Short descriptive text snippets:
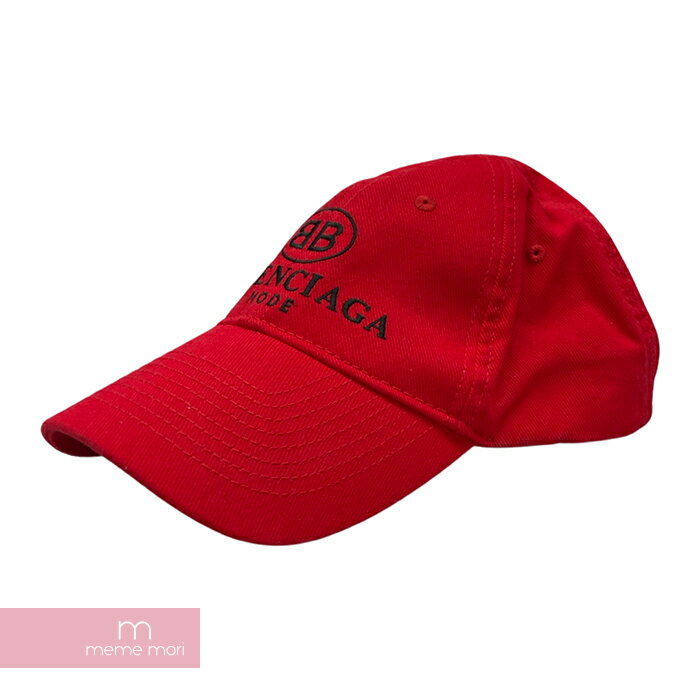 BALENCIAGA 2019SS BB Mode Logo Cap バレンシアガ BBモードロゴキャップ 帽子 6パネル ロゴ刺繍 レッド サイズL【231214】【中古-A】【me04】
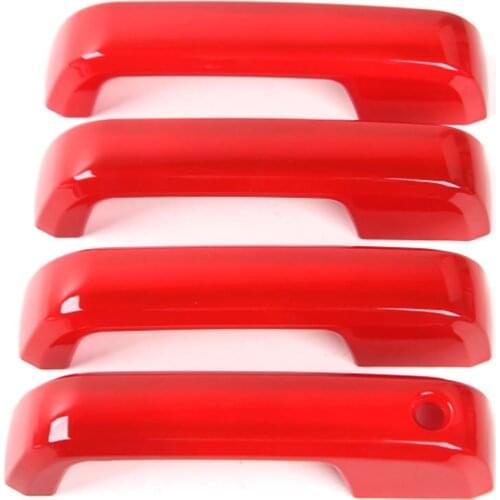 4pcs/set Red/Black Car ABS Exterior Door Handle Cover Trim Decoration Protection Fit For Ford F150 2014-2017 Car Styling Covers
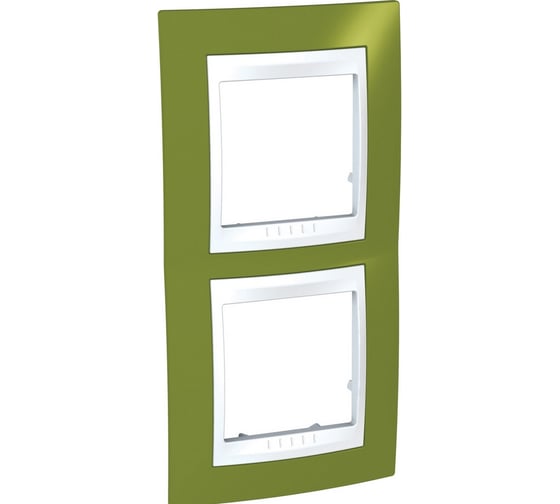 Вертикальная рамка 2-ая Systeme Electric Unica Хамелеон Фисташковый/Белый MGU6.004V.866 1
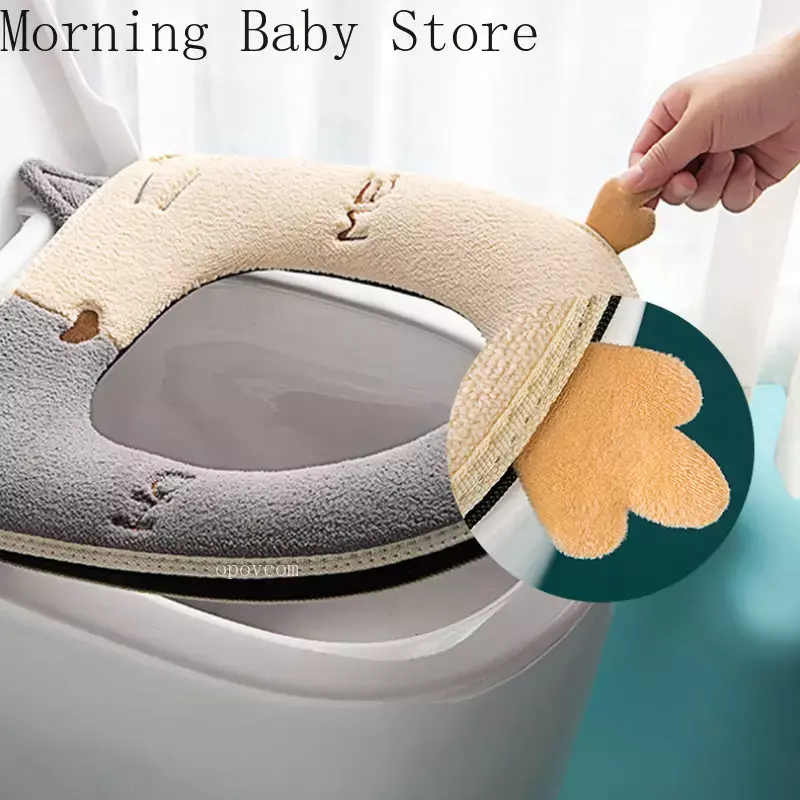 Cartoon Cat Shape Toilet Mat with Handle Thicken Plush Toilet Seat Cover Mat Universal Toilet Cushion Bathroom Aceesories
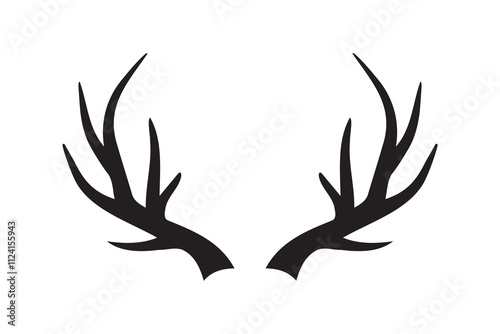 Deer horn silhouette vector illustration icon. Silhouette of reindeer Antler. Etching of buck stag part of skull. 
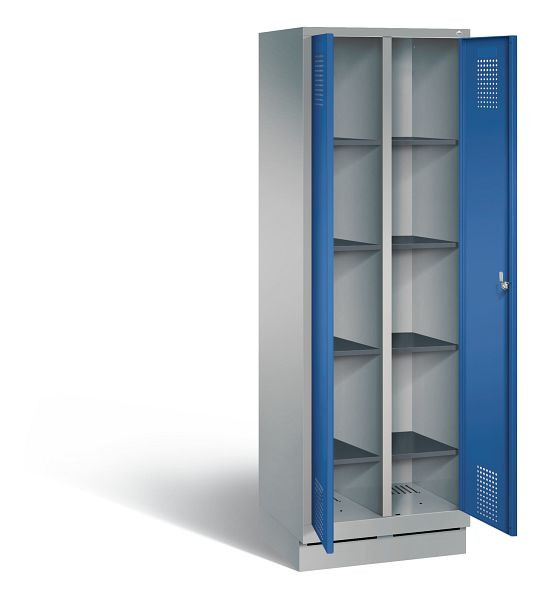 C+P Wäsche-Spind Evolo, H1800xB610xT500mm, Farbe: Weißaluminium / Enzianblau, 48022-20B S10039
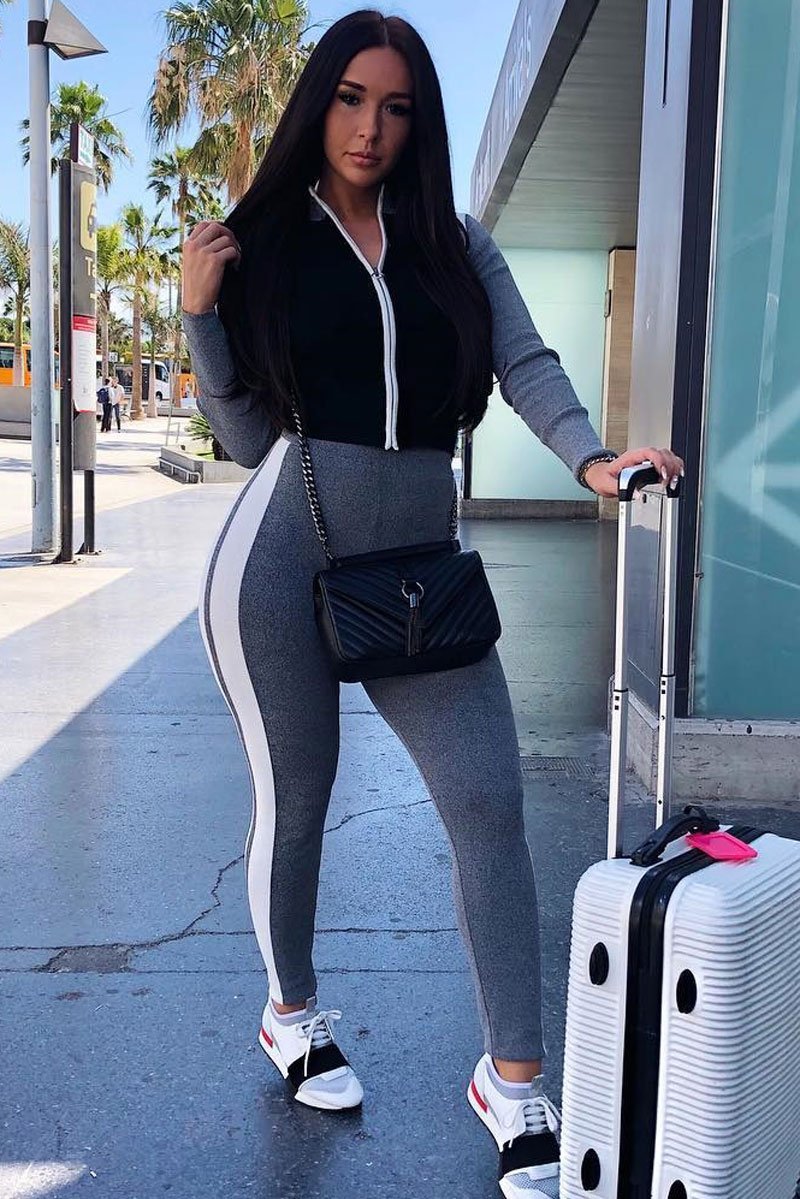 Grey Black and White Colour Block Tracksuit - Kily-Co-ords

Exercise instructions ::
In transcribing the lines above, omit the images and keep all else exact.

Answer section ::
 BALENCIAGA 2019SS BB Mode Logo Cap バレンシアガ BBモードロゴキャップ 帽子 6パネル ロゴ刺繍 レッド サイズL【231214】【中古-A】【me04】
 4pcs/set Red/Black Car ABS Exterior Door Handle Cover Trim Decoration Protection Fit For Ford F150 2014-2017 Car Styling Covers
 Вертикальная рамка 2-ая Systeme Electric Unica Хамелеон Фисташковый/Белый MGU6.004V.866 1
 Cartoon Cat Shape Toilet Mat with Handle Thicken Plush Toilet Seat Cover Mat Universal Toilet Cushion Bathroom Aceesories
 Deer horn silhouette vector illustration icon. Silhouette of reindeer Antler. Etching of buck stag part of skull. 
 C+P Wäsche-Spind Evolo, H1800xB610xT500mm, Farbe: Weißaluminium / Enzianblau, 48022-20B S10039
 Grey Black and White Colour Block Tracksuit - Kily-Co-ords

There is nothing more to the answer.